Garda Commissioner Fachtna Murphy said that the report exposed "misguided or undue deference" shown by the police to religious institutions and said, "That has no place in criminal investigations, it certainly has no place in 2009 under my watch."
"This is not about failings or learning curves. This about the reckless endangerment of children in a calculated, purposeful strategy to protect the institutional Church," said the abuse charity One in Four in a press release.
The Murphy Report, which was redacted by Ireland's Supreme Court as several criminal cases are ongoing, concluded that there was little regard or concern for children who came into contact with clerical abusers, that known clerical abusers were moved to different areas and the recipient dioceses were not informed of their record, and that there was a failure to report allegations to the statutory services.

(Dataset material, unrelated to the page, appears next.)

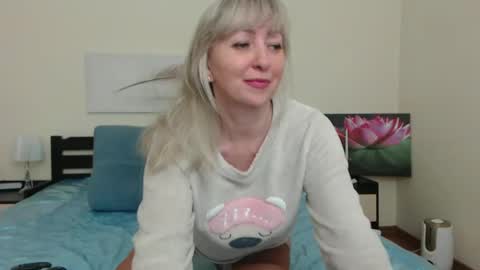 Snapshot of lady_milf_hot chatting on 02/23/25, 04:13 Sofi online show from 02/23/25, 04:13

Garda Commissioner Murphy has apologized for the force's failure to protect victims of clerical child sexual abuse.
Prosecutions to follow
None of the officers named in the report are still working on the force. Minister for Justice Dermot Ahern has warned that criminal investigations will follow the report, saying, "a collar will protect no criminal."
Mr. Ahern said that no one could expect to be above the law. "This is a Republic – the people are sovereign – and no institution, no agency, no church can be immune from that fact," he said at a press conference.
The state's past deference to the church has been condemned from legal quarters. Sean Corrigan, a barrister in Dublin, said the Dublin experience is in stark contrast to how the US authorities handled similar cases.
"There was too much support for the church within the Garda – these people have been a power unto themselves," he says. "There's more openness in America with regard to everything. We've never even had anyone convicted of white-collar crime in this country."
Irish legal provisions say the wheels of justice are turning, but that the process has been slow. "There are ongoing investigations but the process does seem to have caused a delay in initiating them," says Catherine O'Sullivan, who teaches criminal law at University College Cork. "It's not a case of a coverup, it's more that the investigations have happened in a roundabout way."